FNC is a flat NHS contribution to the nursing element of a care-home fee where someone needs nursing but is not eligible for full CHC. CHC funds the entire package where the primary need is a health need. FNC is only considered once CHC has been ruled out.
Sources & grounding
  • England FNC standard £267.68/week from 1 Apr 2026 (£13,919.36/year), paid even to a self-funder: GOV.UK announcement 9 Mar 2026; NHS Standing Rules. Corpus CARE-ENG-06 (self-funder, fnc £267.68; annual £13,919.36).
  • Scotland free personal care £260.30/week + free nursing care £117.10/week from 1 Apr 2026: Community Care (Personal Care and Nursing Care) (Scotland) Amendment Regs 2026. Corpus CARE-SCO-04 (free_personal_care £260.30 / annual £13,535.60; free_nursing_care £117.10 / annual £6,089.20); CARE-SCO-05 (free personal care at home, all ages).

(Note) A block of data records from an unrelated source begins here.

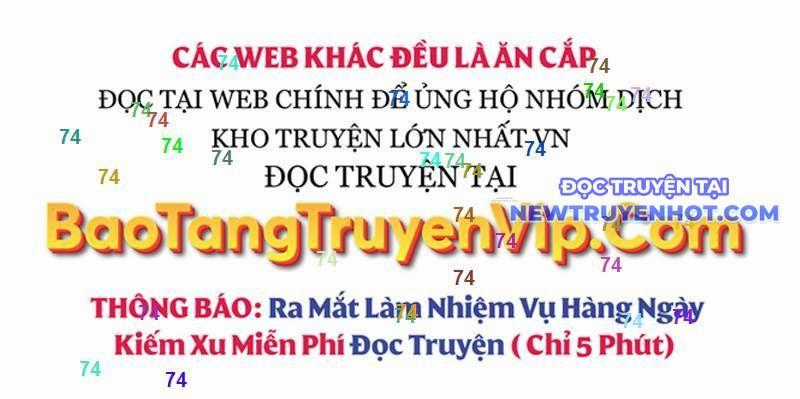 Tạp Huyết - Chapter 21 - Trang 2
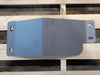 BDS SUSPENSION  Front Lift Kit BDS-670H-3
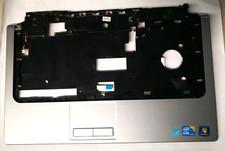 Palmrest + touchepad EAFM8003040 pour DELL STUDIO 1558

  • Northern Ireland RNCC £100/week (£5,200/year), paid to a self-funder: nidirect. Corpus CARE-NI-02 (fnc £100; annual £5,200).
  • Wales FNC £201.74/week — the most recent OFFICIALLY PUBLISHED rate (2022/23, Welsh Government FNC Interim Policy Statement Nov 2022); no later rate has been published (flag wales-fnc-rate-unpublished). Corpus CARE-WAL-03 (operator ruling, bridge ledger 29).

For planning and illustration purposes only. Verify all inputs against source documents. This explainer does not constitute financial or tax advice.